Well; because of unbelief they were broken off, and thou standest by faith. Be not highminded, but fear:
20. Well—"Be it so, but remember that"
because of unbelief they were broken off, and thou standest—not as a Gentile, but solely
by faith—But as faith cannot live in those "whose soul is lifted up" (Hab 2:4).
Be not high-minded, but fear—(Pr 28:14; Php 2:12):
For if God spared not the natural branches, take heed lest he also spare not thee.
21. For if God spared not the natural branches—sprung from the parent stem.
take heed lest he also spare not thee—a mere wild graft. The former might, beforehand, have been thought very improbable; but, after that, no one can wonder at the latter.
Behold therefore the goodness and severity of God: on them which fell, severity; but toward thee, goodness, if thou continue in his goodness: otherwise thou also shalt be cut off.
22, 23. Behold therefore the goodness and severity of God: on them that fell, severity—in rejecting the chosen seed.
but toward thee, goodness—"God's goodness" is the true reading, that is, His sovereign goodness in admitting thee to a covenant standing who before wert a "stranger to the covenants of promise" (Eph 2:12-20).
if thou continue in his goodness—in believing dependence on that pure goodness which made thee what thou art.
And they also, if they abide not still in unbelief, shall be graffed in: for God is able to graff them in again.
23. And they also—"Yea, and they"
if they abide not still in unbelief, shall be grafted in: for God is able to graft them in again—This appeal to the power of God to effect the recovery of His ancient people implies the vast difficulty of it—which all who have ever labored for the conversion of the Jews are made depressingly to feel.

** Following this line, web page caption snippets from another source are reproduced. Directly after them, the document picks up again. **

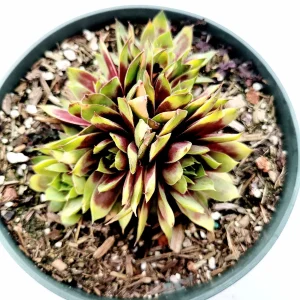 Sempervivum Chick Charms Gold Nugget Succulent Plant – Live Succulent - Image 5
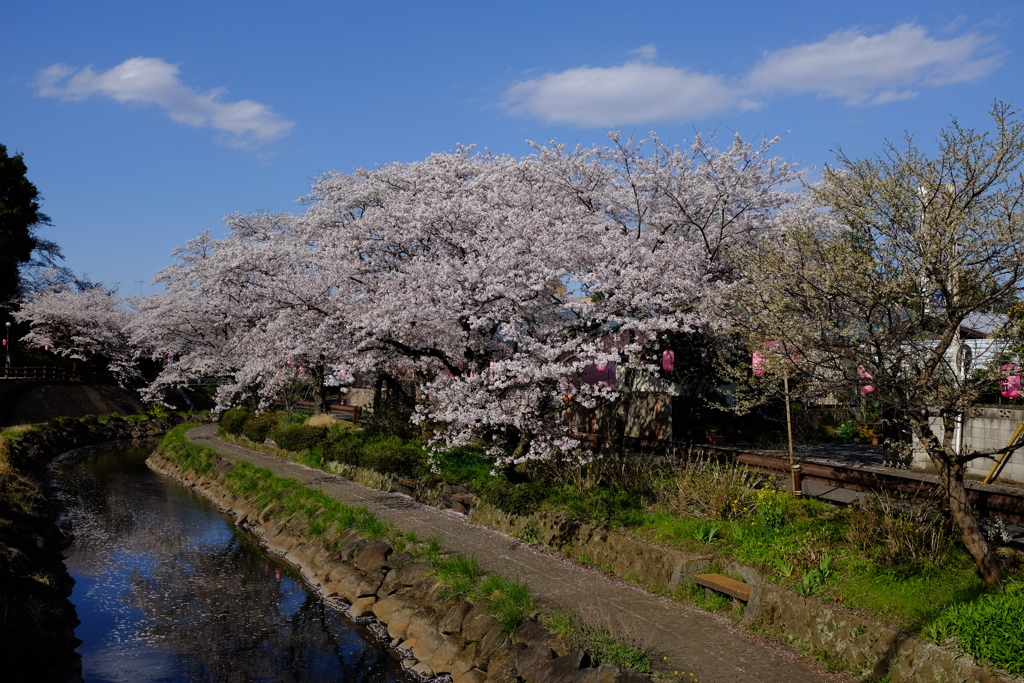 お花見散歩　その2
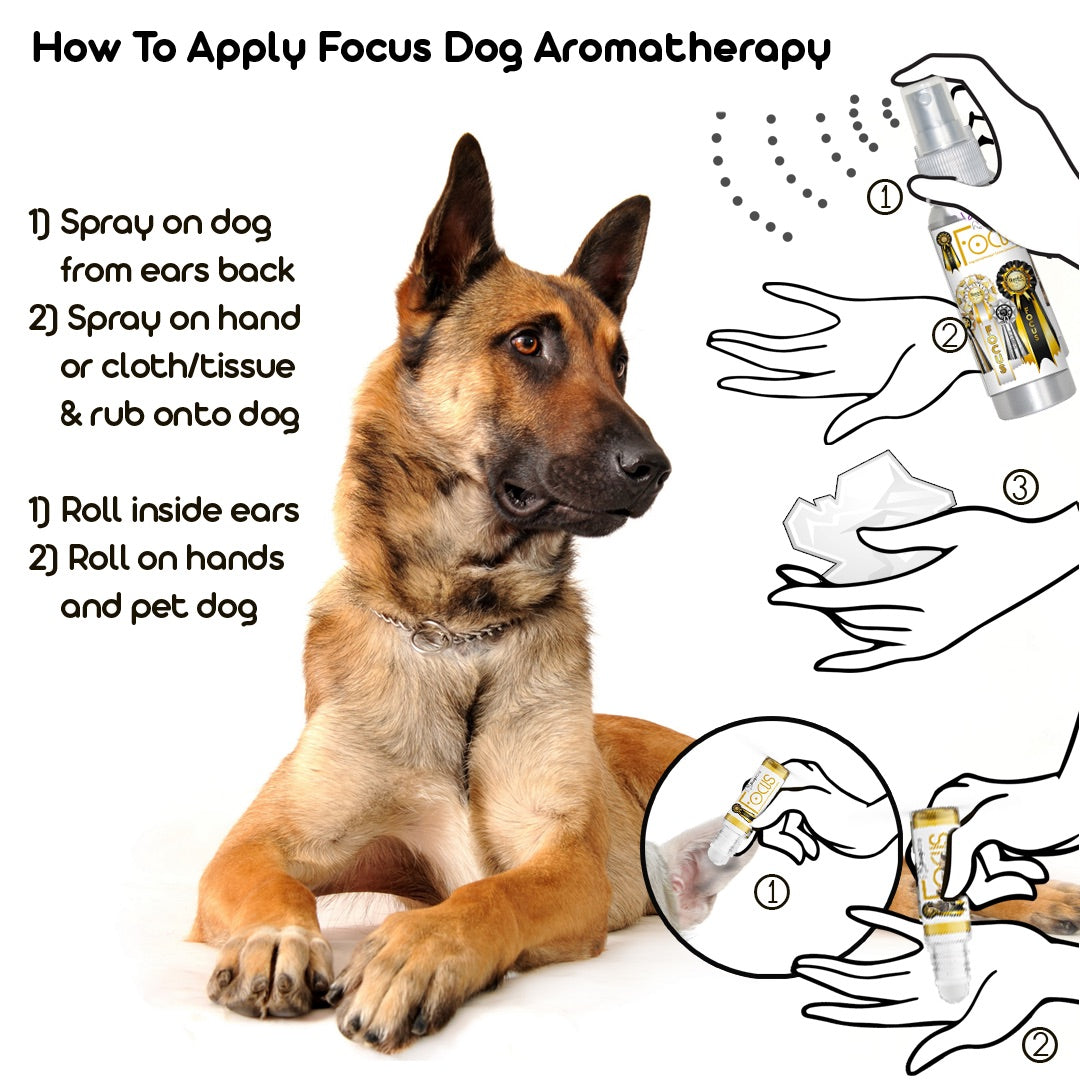 Focus Dog Aromatherapy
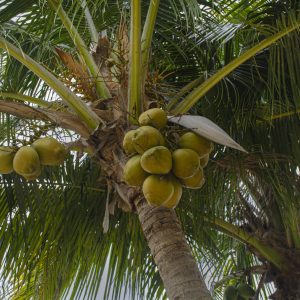 A shot of a coconut tree ( which is a member of the palm tree family. The term "coconut" comes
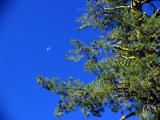 Moon, sky, tree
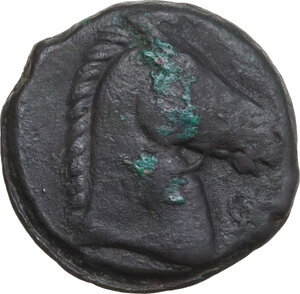 reverse: AE 28 mm, 300-264 BC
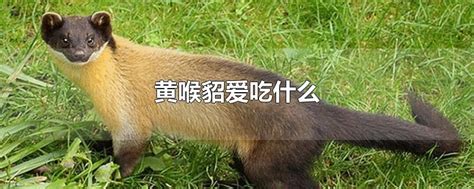【秦岭百科·动物】黄喉貂 - 西部网（陕西新闻网）
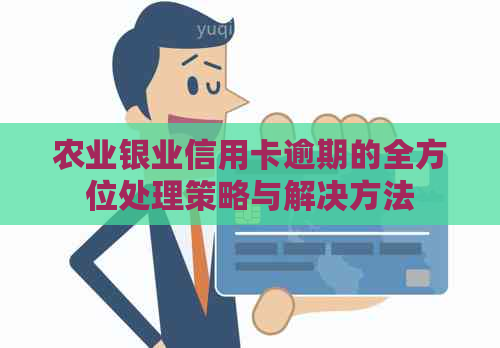 农业银业信用卡逾期的全方位处理策略与解决方法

That intelligent expositors should think that this was meant of individual Jews, reintroduced from time to time into the family of God on their believing on the Lord Jesus, is surprising; and yet those who deny the national recovery of Israel must and do so interpret the apostle. But this is to confound the two things which the apostle carefully distinguishes. Individual Jews have been at all times admissible, and have been admitted, to the Church through the gate of faith in the Lord Jesus. This is the "remnant, even at this present time, according to the election of grace," of which the apostle, in the first part of the chapter, had cited himself as one. But here he manifestly speaks of something not then existing, but to be looked forward to as a great future event in the economy of God, the reingrafting of the nation as such, when they "abide not in unbelief." And though this is here spoken of merely as a supposition (if their unbelief shall cease)—in order to set it over against the other supposition, of what will happen to the Gentiles if they shall not abide in the faith—the supposition is turned into an explicit prediction in the verses following.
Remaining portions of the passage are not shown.